# [WHAT YOU NEED TO DO]
Find the line with "A Person Leaning" in the entries below, then reproduce it and every line after it down to and including the line with "Texture of Gambia", exactly.

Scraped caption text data
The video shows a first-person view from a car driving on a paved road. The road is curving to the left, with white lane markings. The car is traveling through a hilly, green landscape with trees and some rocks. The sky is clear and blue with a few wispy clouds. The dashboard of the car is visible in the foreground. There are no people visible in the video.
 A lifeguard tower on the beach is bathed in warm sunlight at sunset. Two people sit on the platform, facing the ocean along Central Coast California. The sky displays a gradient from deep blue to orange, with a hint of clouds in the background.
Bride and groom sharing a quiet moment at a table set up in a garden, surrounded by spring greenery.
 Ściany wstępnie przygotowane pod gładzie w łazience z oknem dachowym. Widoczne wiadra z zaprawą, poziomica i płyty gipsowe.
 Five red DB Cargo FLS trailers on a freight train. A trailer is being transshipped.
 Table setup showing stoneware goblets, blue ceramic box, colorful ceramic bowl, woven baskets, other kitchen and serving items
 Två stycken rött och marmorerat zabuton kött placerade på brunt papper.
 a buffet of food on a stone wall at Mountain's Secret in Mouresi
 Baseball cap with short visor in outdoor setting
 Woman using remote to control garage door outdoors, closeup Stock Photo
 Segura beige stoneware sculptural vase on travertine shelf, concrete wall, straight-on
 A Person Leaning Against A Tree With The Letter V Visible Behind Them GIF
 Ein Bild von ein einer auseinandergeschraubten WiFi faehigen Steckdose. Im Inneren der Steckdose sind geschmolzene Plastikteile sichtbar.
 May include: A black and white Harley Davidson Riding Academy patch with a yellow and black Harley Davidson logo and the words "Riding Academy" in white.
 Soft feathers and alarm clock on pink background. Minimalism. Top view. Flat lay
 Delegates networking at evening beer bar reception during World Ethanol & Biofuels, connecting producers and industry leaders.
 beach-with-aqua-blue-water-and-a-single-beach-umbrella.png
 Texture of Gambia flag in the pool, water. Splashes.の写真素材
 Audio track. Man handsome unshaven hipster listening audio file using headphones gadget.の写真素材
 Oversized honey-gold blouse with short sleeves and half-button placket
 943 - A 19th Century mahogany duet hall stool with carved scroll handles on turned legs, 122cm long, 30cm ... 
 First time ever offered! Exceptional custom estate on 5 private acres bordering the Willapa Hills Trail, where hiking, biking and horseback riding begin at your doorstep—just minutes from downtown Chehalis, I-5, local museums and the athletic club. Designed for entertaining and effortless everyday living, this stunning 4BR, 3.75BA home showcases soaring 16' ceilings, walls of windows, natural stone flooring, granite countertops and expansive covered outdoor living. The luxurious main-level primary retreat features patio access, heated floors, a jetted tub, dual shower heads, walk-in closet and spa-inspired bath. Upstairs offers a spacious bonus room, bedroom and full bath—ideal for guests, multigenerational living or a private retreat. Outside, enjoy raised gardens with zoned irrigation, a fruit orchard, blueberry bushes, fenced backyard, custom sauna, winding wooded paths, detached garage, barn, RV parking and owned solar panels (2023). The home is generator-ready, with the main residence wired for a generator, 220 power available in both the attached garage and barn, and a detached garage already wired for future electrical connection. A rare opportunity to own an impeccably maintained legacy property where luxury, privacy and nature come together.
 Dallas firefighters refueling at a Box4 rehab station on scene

# [EXERCISE OUTPUT]
 A Person Leaning Against A Tree With The Letter V Visible Behind Them GIF
 Ein Bild von ein einer auseinandergeschraubten WiFi faehigen Steckdose. Im Inneren der Steckdose sind geschmolzene Plastikteile sichtbar.
 May include: A black and white Harley Davidson Riding Academy patch with a yellow and black Harley Davidson logo and the words "Riding Academy" in white.
 Soft feathers and alarm clock on pink background. Minimalism. Top view. Flat lay
 Delegates networking at evening beer bar reception during World Ethanol & Biofuels, connecting producers and industry leaders.
 beach-with-aqua-blue-water-and-a-single-beach-umbrella.png
 Texture of Gambia flag in the pool, water. Splashes.の写真素材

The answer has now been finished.